SUPPLIED DATA: Begin

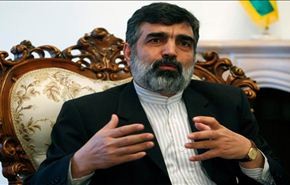 ايران: زيارة مفاعل أراك ربما تتم قبل 11 ديسمبر القادم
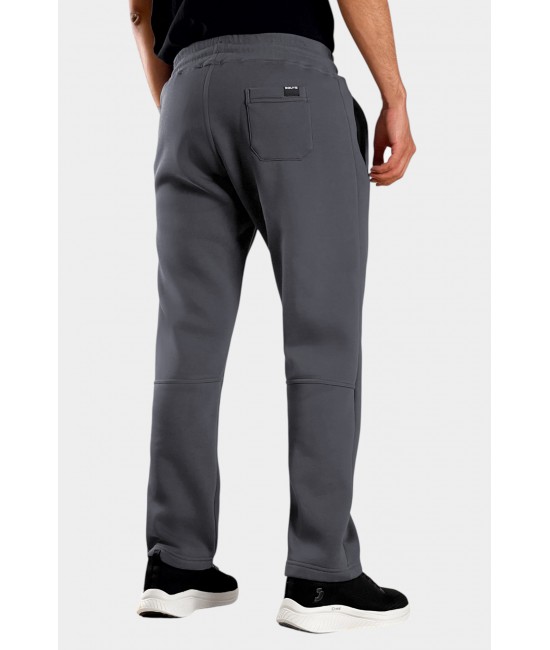 WALLACE Sweatpants NEW ARRIVALS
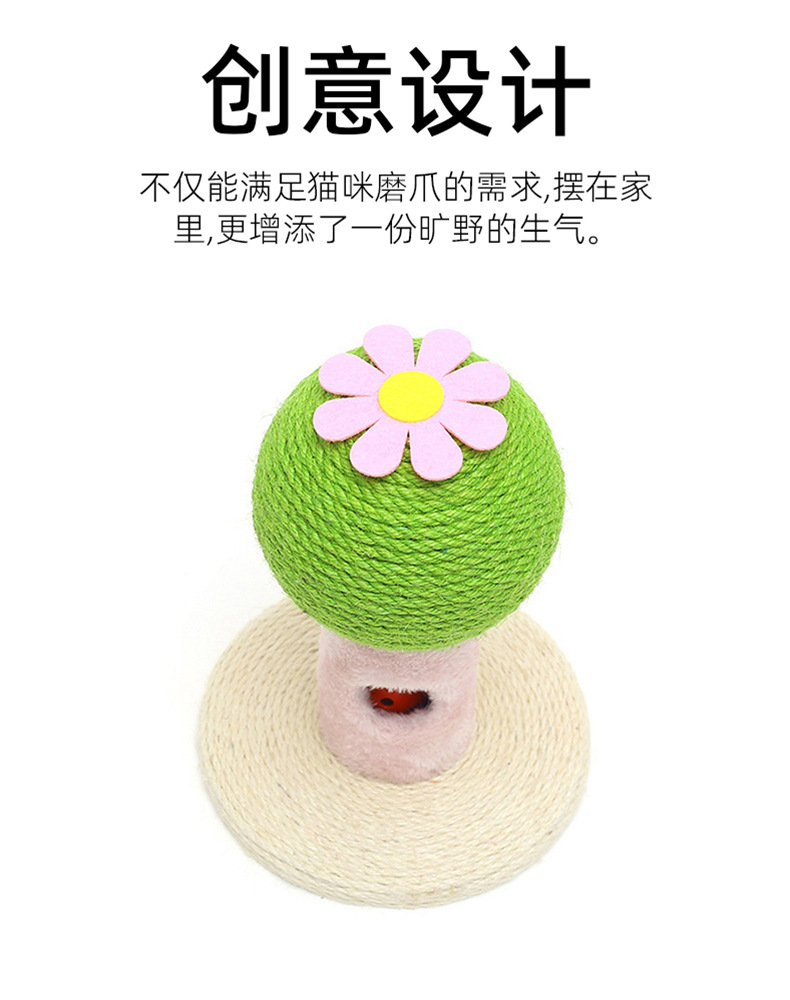 未标题-1_02.jpg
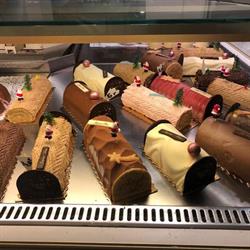 Les P'tits Choux, Saint-Georges-de-Didonne - Horaires d'ouverture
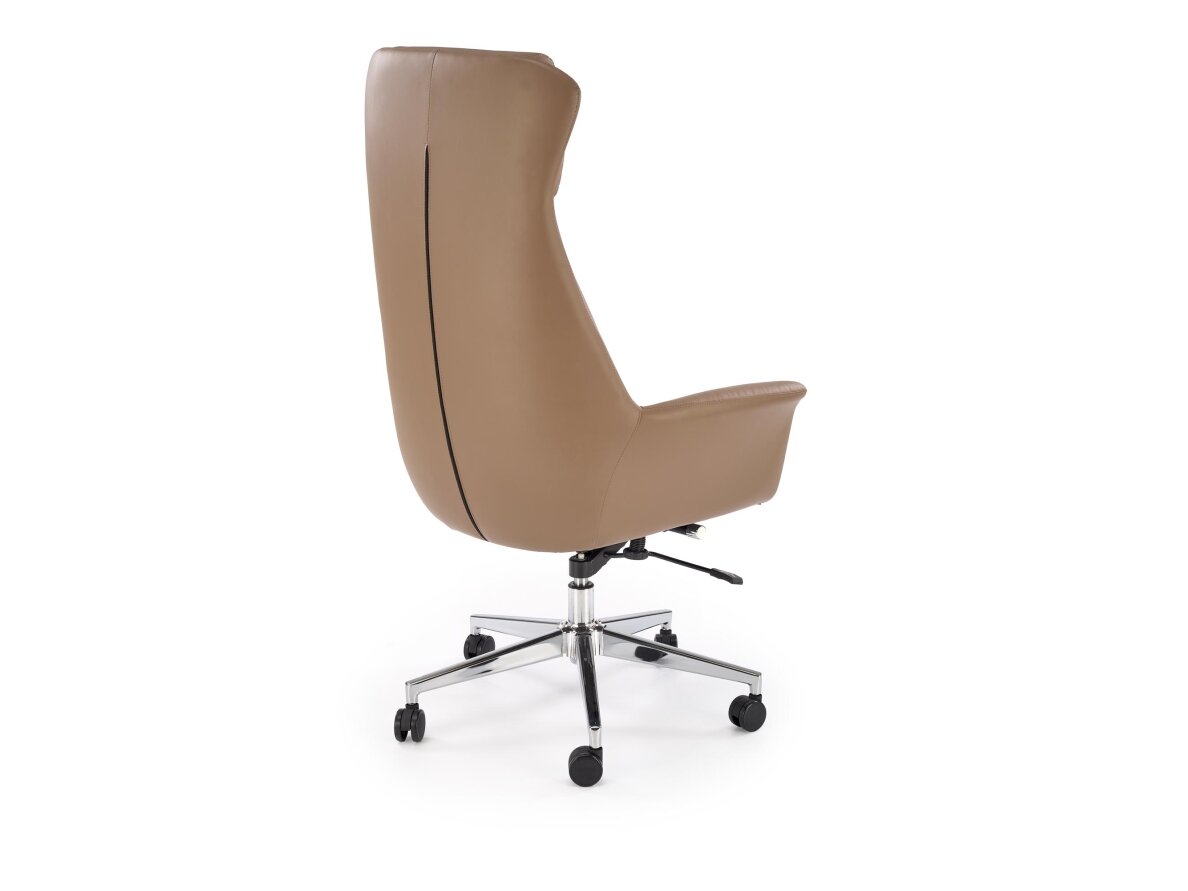 Darbo kėdė ED01472 4 Darbo kėdė ED01472 4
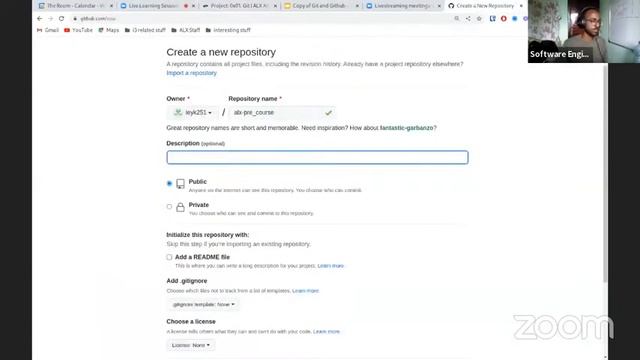 Git Github, How to create github account. Check more videos at https://youtube.com/@emiratevirtual смотреть онлайн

SUPPLIED DATA: End

EXERCISE ::
Exactly repeat only the lines from the one with "Les P'tits Choux, Saint-Georges-de-Didonne" to the closing line above, both included, and omit every picture.

TASK SOLUTION ::
 Les P'tits Choux, Saint-Georges-de-Didonne - Horaires d'ouverture
 Darbo kėdė ED01472 4 Darbo kėdė ED01472 4
 Git Github, How to create github account. Check more videos at https://youtube.com/@emiratevirtual смотреть онлайн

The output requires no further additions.